Work to complete: Return the listing below verbatim. Pictures do not belong in the copy.

Given data:
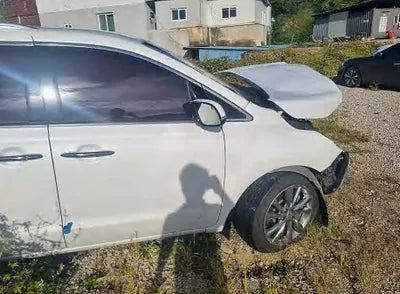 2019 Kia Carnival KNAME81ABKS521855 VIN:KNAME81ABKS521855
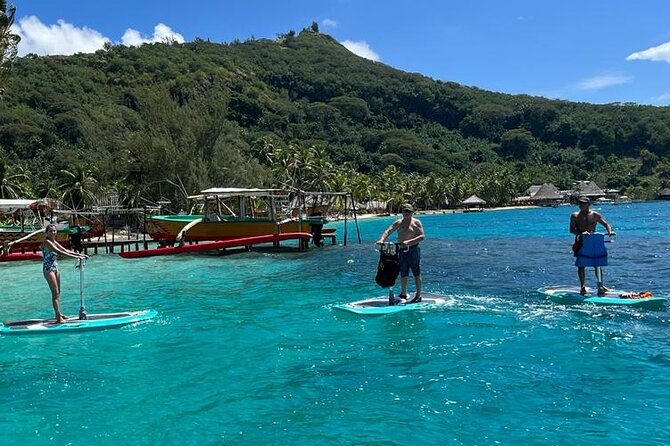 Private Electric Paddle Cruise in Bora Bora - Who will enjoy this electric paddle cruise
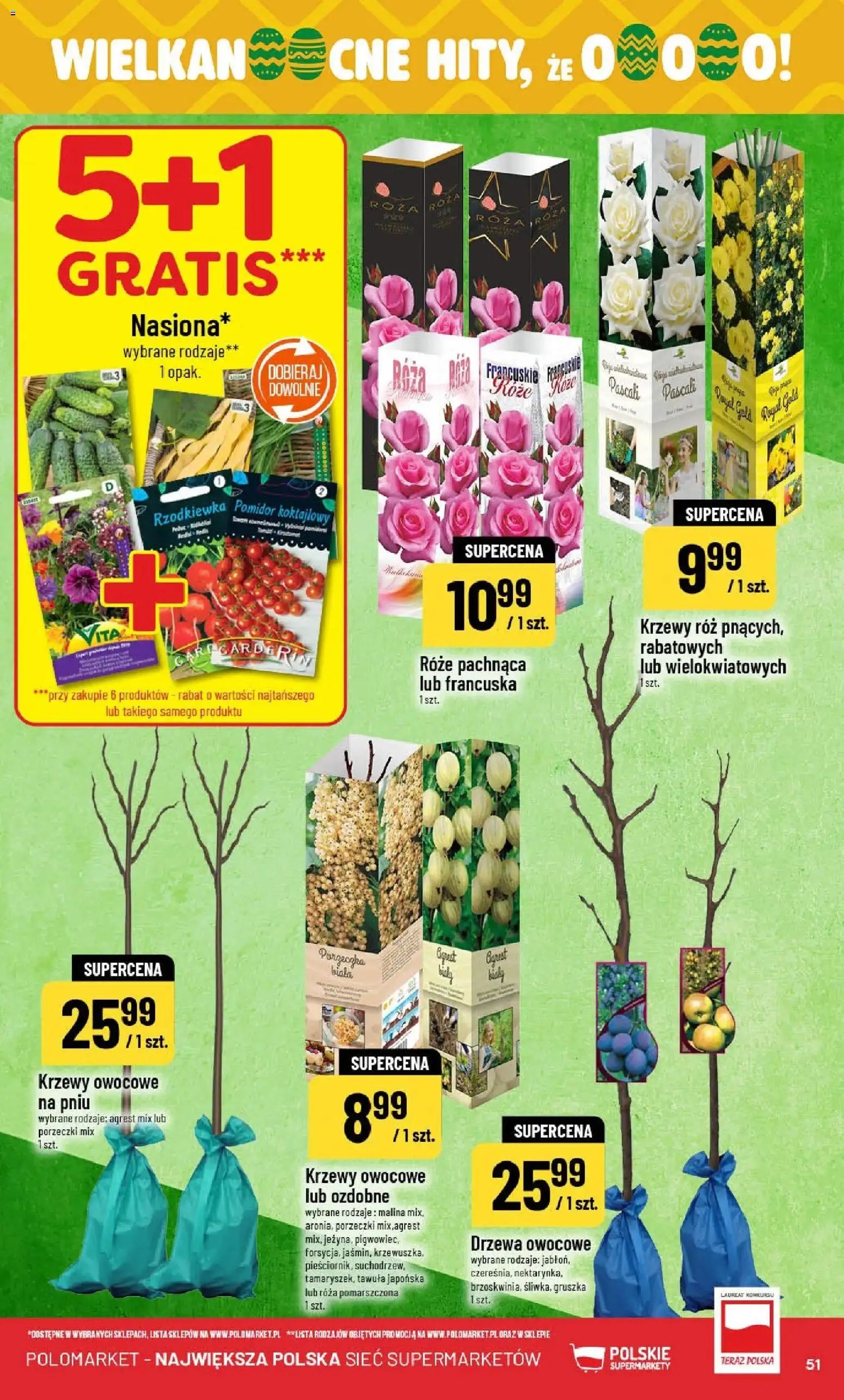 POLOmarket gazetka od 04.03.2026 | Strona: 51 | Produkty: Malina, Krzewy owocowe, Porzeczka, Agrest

Finished exercise:
 2019 Kia Carnival KNAME81ABKS521855 VIN:KNAME81ABKS521855
 Private Electric Paddle Cruise in Bora Bora - Who will enjoy this electric paddle cruise
 POLOmarket gazetka od 04.03.2026 | Strona: 51 | Produkty: Malina, Krzewy owocowe, Porzeczka, Agrest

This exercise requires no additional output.